***** RECORDS SHOWN *****
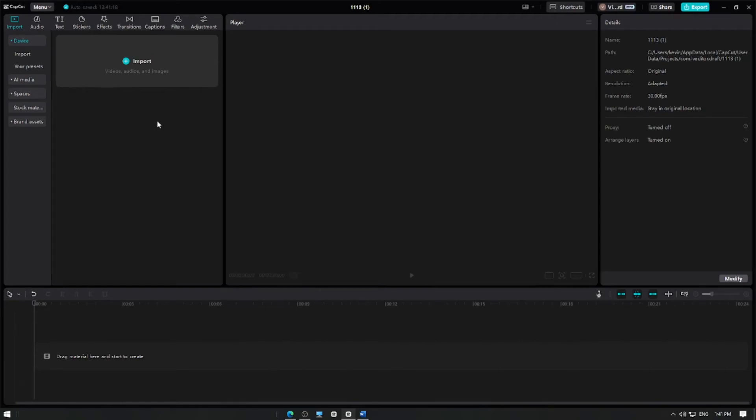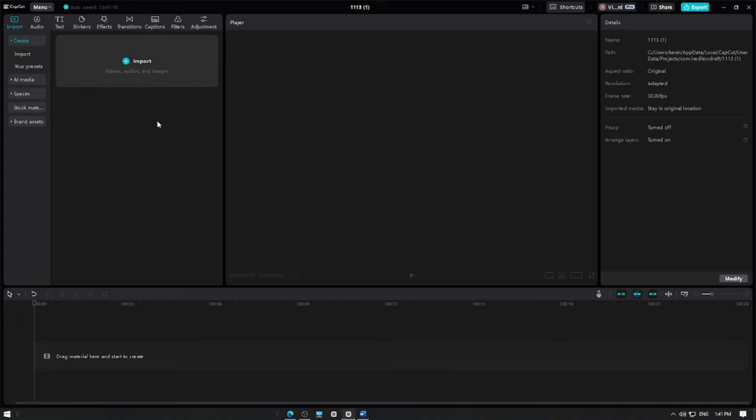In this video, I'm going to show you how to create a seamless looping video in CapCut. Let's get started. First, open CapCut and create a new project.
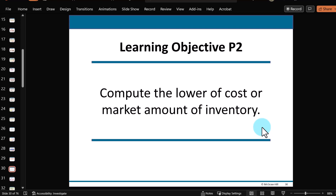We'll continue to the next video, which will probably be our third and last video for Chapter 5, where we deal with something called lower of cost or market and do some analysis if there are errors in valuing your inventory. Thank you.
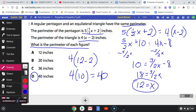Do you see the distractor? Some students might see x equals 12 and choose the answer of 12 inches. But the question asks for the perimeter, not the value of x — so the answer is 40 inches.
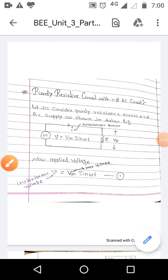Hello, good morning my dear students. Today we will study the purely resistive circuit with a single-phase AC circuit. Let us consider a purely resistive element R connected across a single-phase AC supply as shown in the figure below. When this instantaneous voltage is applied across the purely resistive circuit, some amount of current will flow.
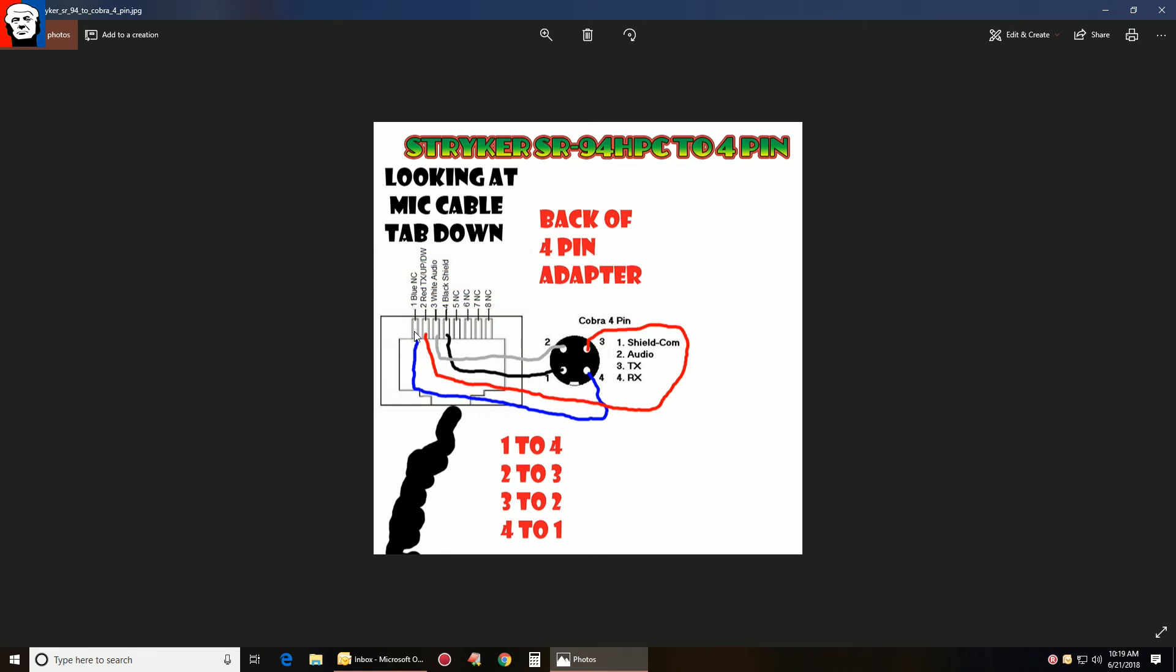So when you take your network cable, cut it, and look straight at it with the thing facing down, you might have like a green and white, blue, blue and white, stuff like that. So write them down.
*****
***** RECORDS SHOWN *****
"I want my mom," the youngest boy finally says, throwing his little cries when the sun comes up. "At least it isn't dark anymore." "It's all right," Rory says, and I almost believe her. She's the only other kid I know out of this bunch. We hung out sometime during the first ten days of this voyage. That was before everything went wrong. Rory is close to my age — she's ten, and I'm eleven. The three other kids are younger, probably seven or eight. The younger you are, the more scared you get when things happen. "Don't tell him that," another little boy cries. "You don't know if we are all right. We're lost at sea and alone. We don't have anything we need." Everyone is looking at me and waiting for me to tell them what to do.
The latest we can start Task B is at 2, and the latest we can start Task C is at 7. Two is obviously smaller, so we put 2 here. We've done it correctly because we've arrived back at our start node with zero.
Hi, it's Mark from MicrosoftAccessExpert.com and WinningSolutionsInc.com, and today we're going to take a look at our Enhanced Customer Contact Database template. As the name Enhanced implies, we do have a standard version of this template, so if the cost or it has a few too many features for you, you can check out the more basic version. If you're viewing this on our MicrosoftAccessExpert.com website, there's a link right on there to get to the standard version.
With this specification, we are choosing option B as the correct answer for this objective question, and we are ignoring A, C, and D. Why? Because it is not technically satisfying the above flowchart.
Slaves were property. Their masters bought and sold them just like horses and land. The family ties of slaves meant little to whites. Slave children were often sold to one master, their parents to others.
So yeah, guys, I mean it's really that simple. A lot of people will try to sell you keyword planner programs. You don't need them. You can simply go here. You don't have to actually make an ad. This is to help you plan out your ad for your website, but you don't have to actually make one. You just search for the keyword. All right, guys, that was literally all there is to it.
*****
WHAT NEEDS TO BE DONE: Going back over the entries above, copy word for word every line from the one that has "Hi, it's Mark" on through the one that has "With this specification, we".

TASK RESULT:
Hi, it's Mark from MicrosoftAccessExpert.com and WinningSolutionsInc.com, and today we're going to take a look at our Enhanced Customer Contact Database template. As the name Enhanced implies, we do have a standard version of this template, so if the cost or it has a few too many features for you, you can check out the more basic version. If you're viewing this on our MicrosoftAccessExpert.com website, there's a link right on there to get to the standard version.
With this specification, we are choosing option B as the correct answer for this objective question, and we are ignoring A, C, and D. Why? Because it is not technically satisfying the above flowchart.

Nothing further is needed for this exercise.